(12.05.2026, 19:51)Selur Wrote: Quick and Dirty: just running all frames through the server:
# Imports
import sys
import os
import vapoursynth as vs
# getting Vapoursynth core
core = vs.core
# Limit frame cache to 48449MB
core.max_cache_size = 48449
# Import scripts folder
scriptPath = 'F:/Hybrid/64bit/vsscripts'
sys.path.insert(0, os.path.abspath(scriptPath))
# loading plugins
core.std.LoadPlugin(path="F:/Hybrid/64bit/Vapoursynth/Lib/site-packages/vapoursynth/plugins2/fmtconv.dll")

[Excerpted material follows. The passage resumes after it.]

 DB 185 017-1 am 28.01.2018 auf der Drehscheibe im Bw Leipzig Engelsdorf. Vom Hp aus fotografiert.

core.std.LoadPlugin(path="F:/Hybrid/64bit/Vapoursynth/Lib/site-packages/vapoursynth/plugins2/libbestsource.dll")
# Import scripts
import validate
# Source: 'G:\TestClips&Co\files\test.avi'
# clip current meta; color space: YUV420P8, bit depth: 8, resolution: 640x352, fps: 25, color matrix: 470bg, color primaries: Unspecific, color transfer: Unspecified, yuv luminance scale: limited, scanorder: progressive, full height: true ((Source))
# Loading 'G:\TestClips&Co\files\test.avi' using BestSource
clip = core.bs.VideoSource(source="G:/TestClips&Co/files/test.avi", cachepath="J:/tmp/test_bestSource", track=0, hwdevice="opencl")
import xmlrpc.client
import io
import numpy as np
from PIL import Image
clip_rgb = core.resize.Bicubic(clip, format=vs.RGB24, matrix_in_s="470bg")
proxy = xmlrpc.client.ServerProxy("http://127.0.0.1:8765/", use_builtin_types=True)
PROMPT = "Colorize this black and white image with natural, realistic colors."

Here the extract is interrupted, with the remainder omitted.